Aim of the task
Repeat the following data exactly, omitting pictures.

_ _ _ _ _ _ _

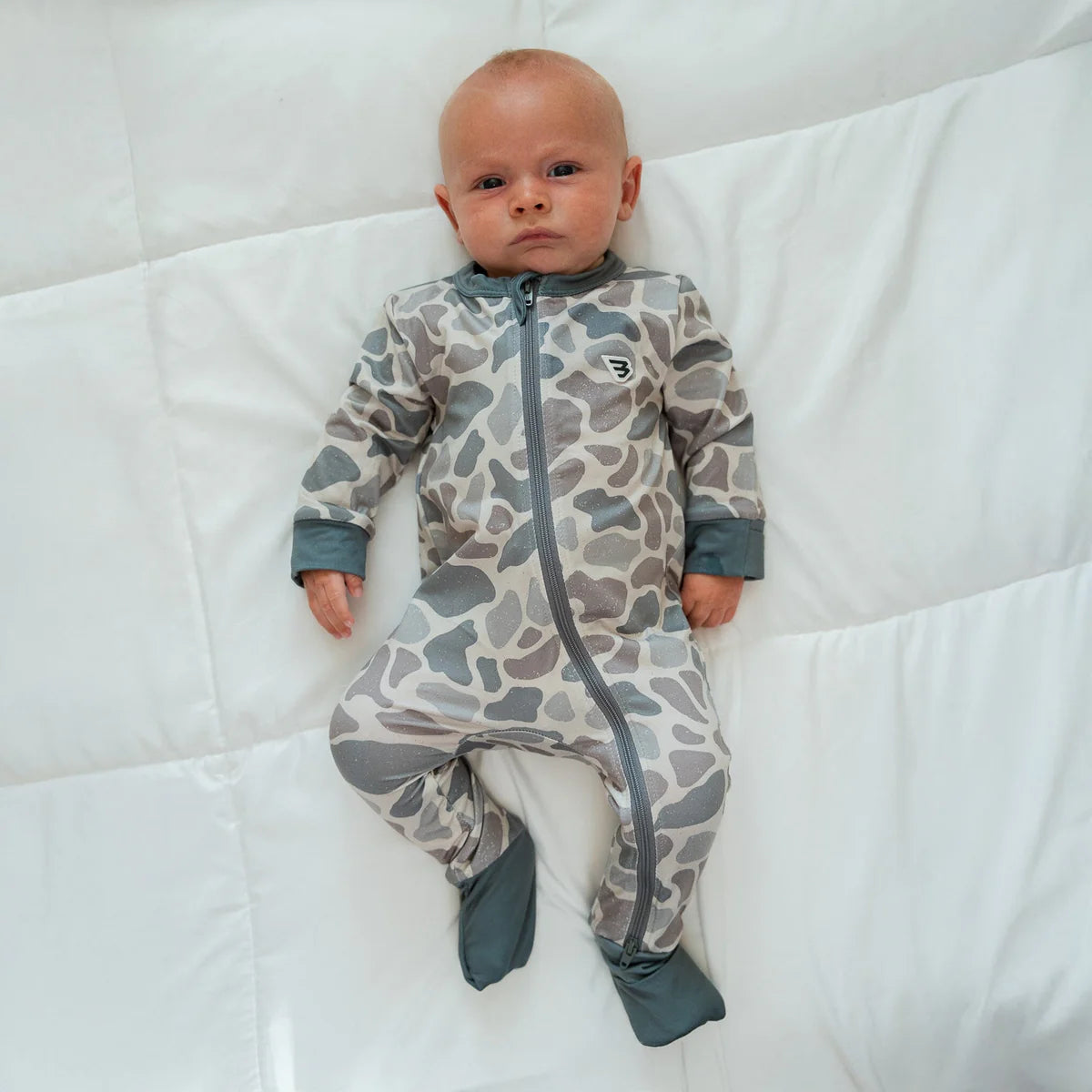 The Baby Zip Up- Classic Deer Camo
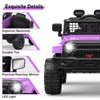 12V Kids Ride-On Truck w/Remote - 3 Speeds (Max 2.5MPH), Dual Motors, LED Lights, Music (Ages 3-8, 61lbs) - 2 of 4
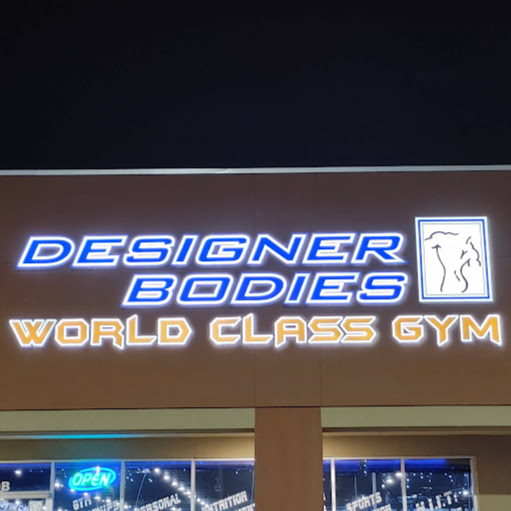 Designer Bodies 'WORLD CLASS GYM' logo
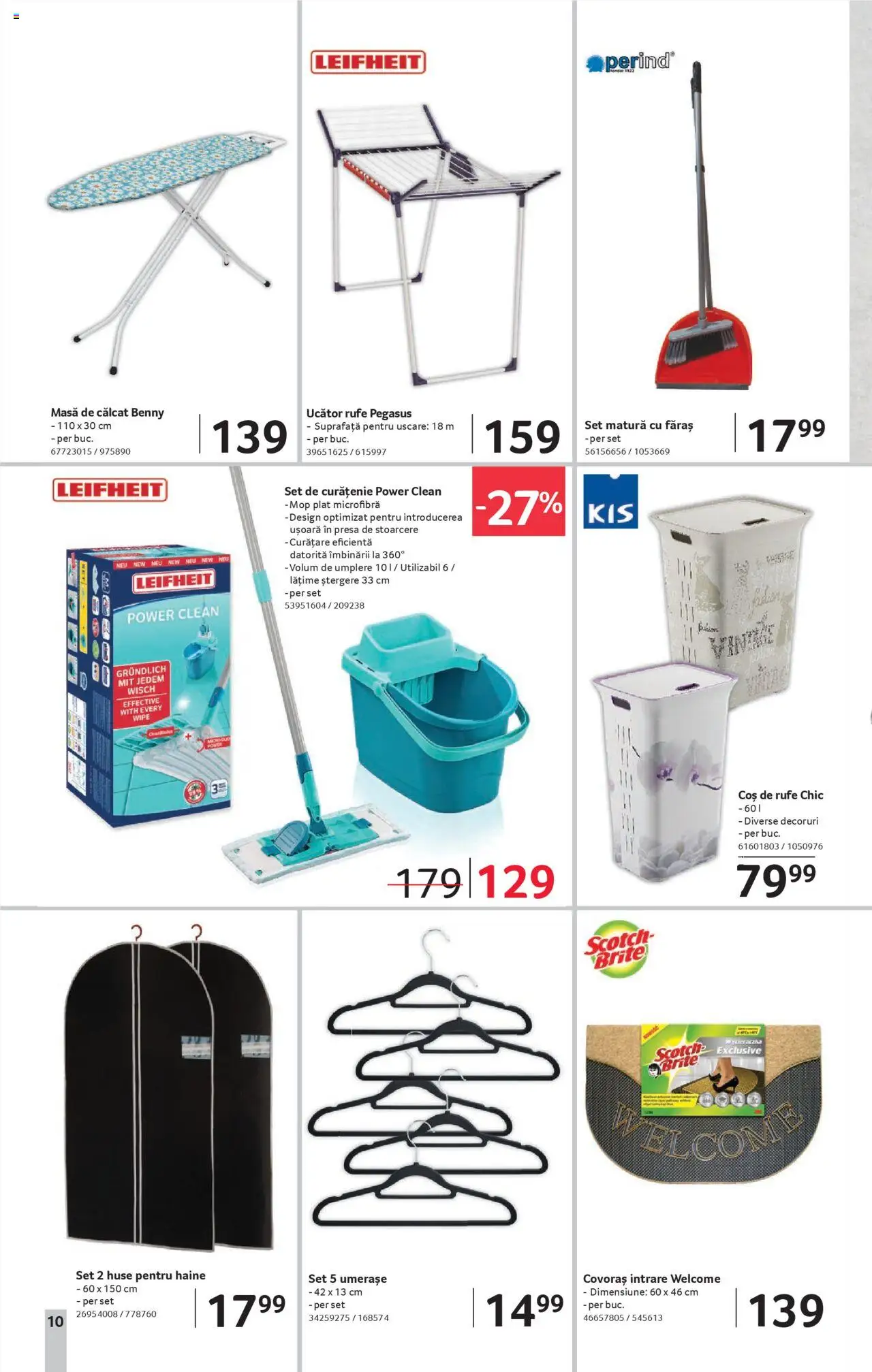 Catalog Selgros 30 Mai - 11 Iunie 2025 | Pagina 10 | Produse: Pomelo, Mop, Coș De Rufe, Masă de călcat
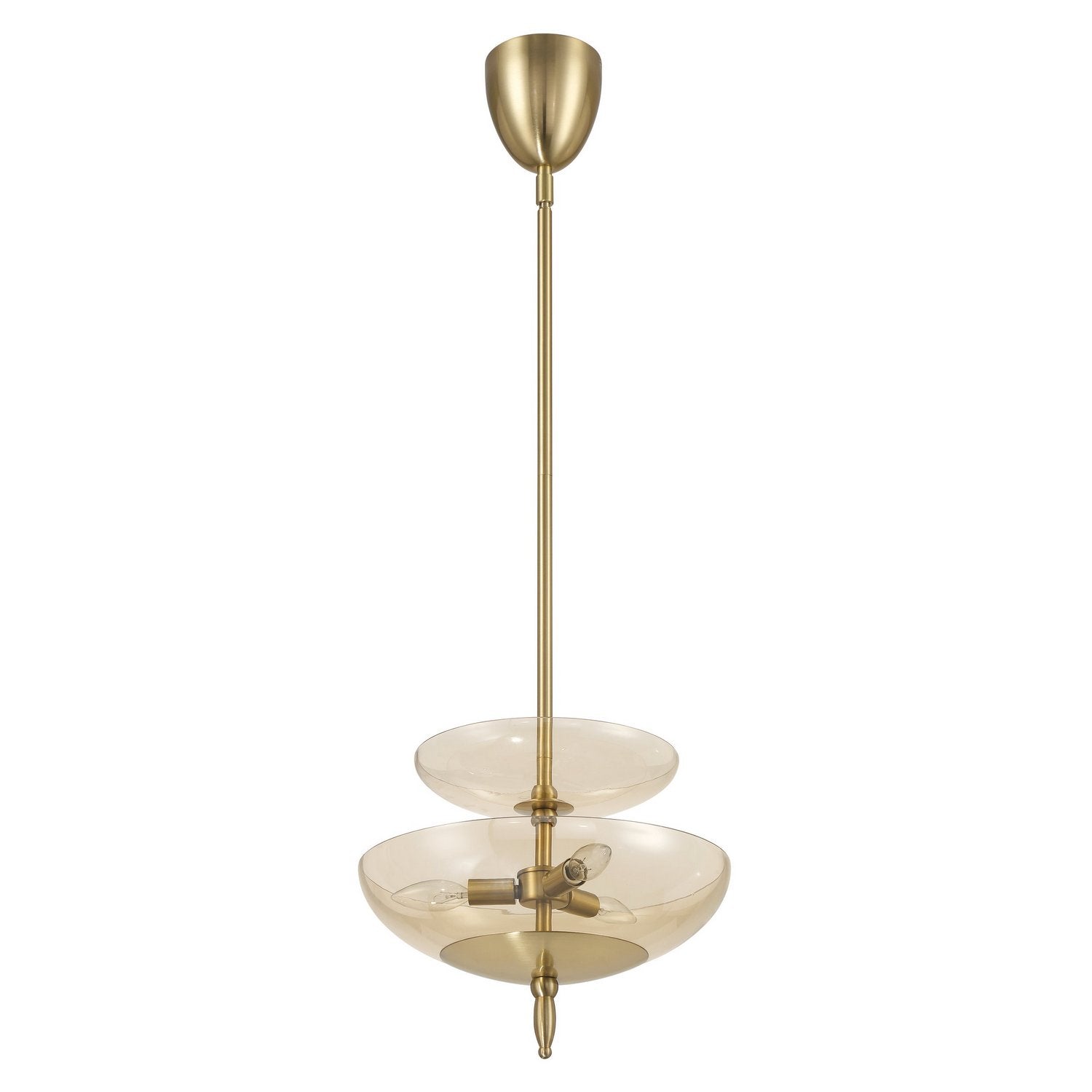Thesis Lighting 207784A Fiorello Convertible Pendant in Brushed Gold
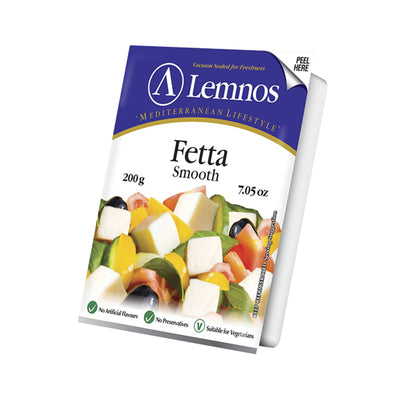 Lemnos Smooth Fetta Cheese (Danish Style) 200g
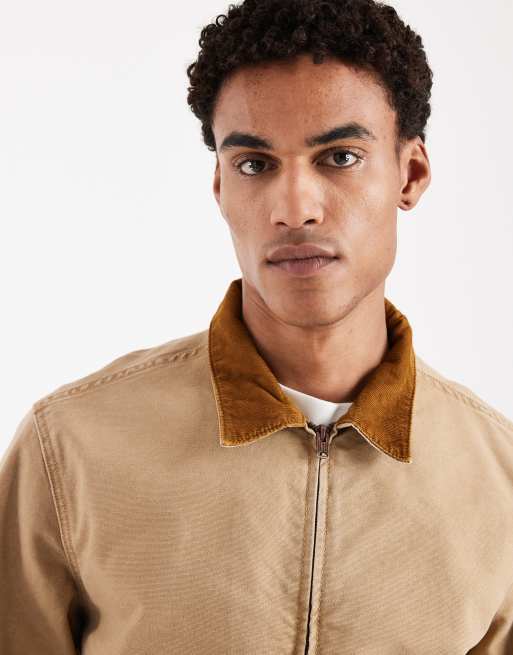 Levi's - Castro - Denim utility jack in lichtbruin, 5 van 5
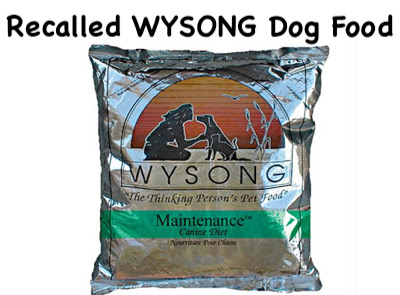 Wysong Dog Food Recall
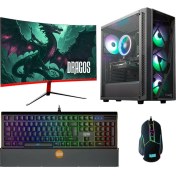 Resim Dragos DRX3808 Ryzen 5 5600 32GB Ram 512GB M.2 Nvme SSD 8gb RTX3070 27'' Curved Freedos Oyuncu Bilgisayarı 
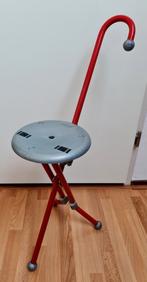 Design kruk wandelstok Ulisse ontwerp Ivan Loss inklapbaar, Ophalen, Gebruikt, IJzer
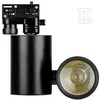V-tac 15W LED šviestuvas į 3 fazių bėgelius, juodu korpusu, 6400K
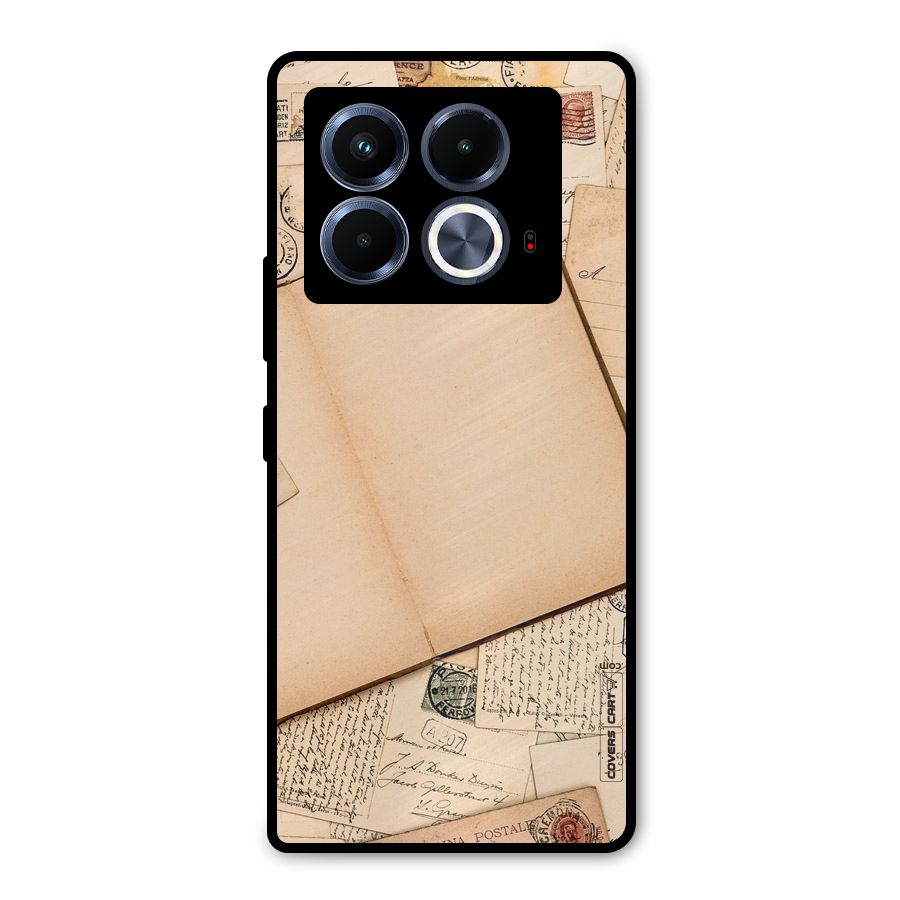 Vintage Journal Metal Back Case for Infinix Note 40 5G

_ _ _ _ _ _ _

Response box
 The Baby Zip Up- Classic Deer Camo
 12V Kids Ride-On Truck w/Remote - 3 Speeds (Max 2.5MPH), Dual Motors, LED Lights, Music (Ages 3-8, 61lbs) - 2 of 4
 Designer Bodies 'WORLD CLASS GYM' logo
 Catalog Selgros 30 Mai - 11 Iunie 2025 | Pagina 10 | Produse: Pomelo, Mop, Coș De Rufe, Masă de călcat
Thesis Lighting 207784A Fiorello Convertible Pendant in Brushed Gold
 Lemnos Smooth Fetta Cheese (Danish Style) 200g
 Levi's - Castro - Denim utility jack in lichtbruin, 5 van 5
 Wysong Dog Food Recall
 Resim Dragos DRX3808 Ryzen 5 5600 32GB Ram 512GB M.2 Nvme SSD 8gb RTX3070 27'' Curved Freedos Oyuncu Bilgisayarı 
 Design kruk wandelstok Ulisse ontwerp Ivan Loss inklapbaar, Ophalen, Gebruikt, IJzer
V-tac 15W LED šviestuvas į 3 fazių bėgelius, juodu korpusu, 6400K
 Vintage Journal Metal Back Case for Infinix Note 40 5G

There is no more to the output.